- The data:

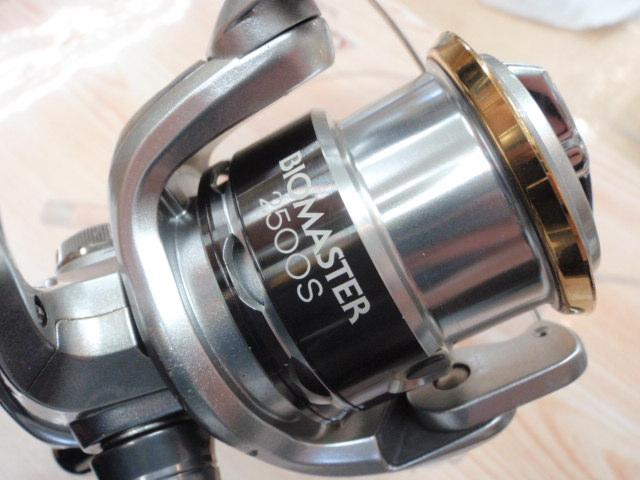 11バイオマスター 2500S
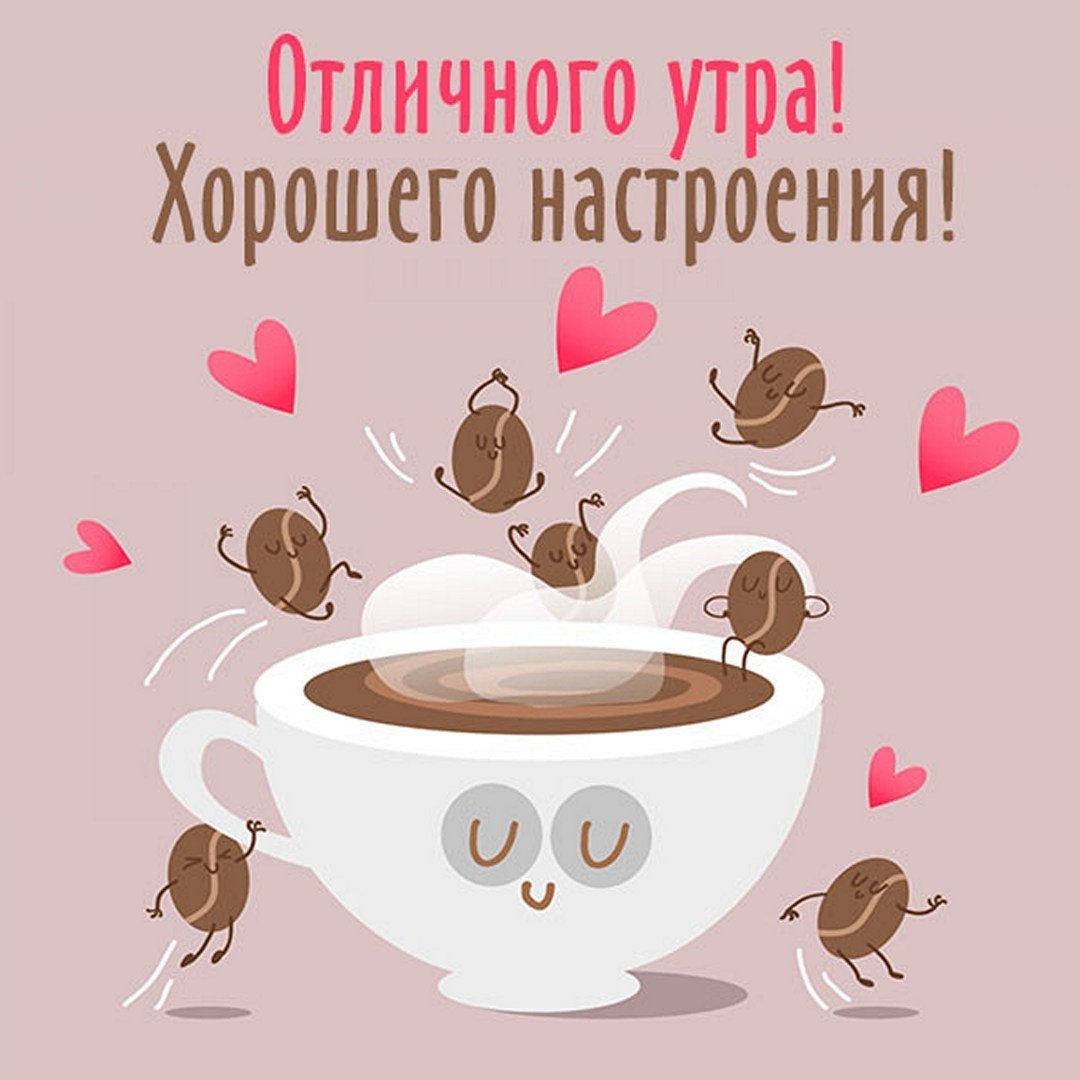 Улыбка на кофейной пенке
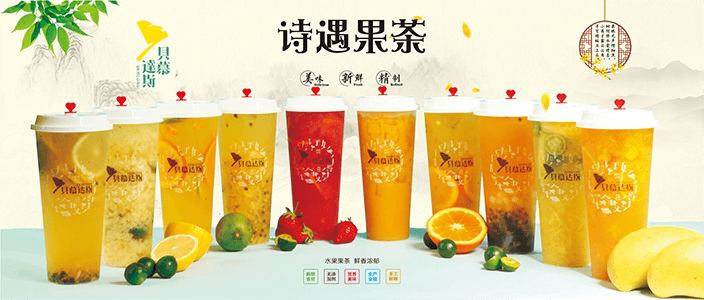 艾雪皇后相似图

- What the exercise asks: Reproduce the whole listing above character for character; pictures do not belong in it.

- Expected answer:
 11バイオマスター 2500S
 Улыбка на кофейной пенке
 艾雪皇后相似图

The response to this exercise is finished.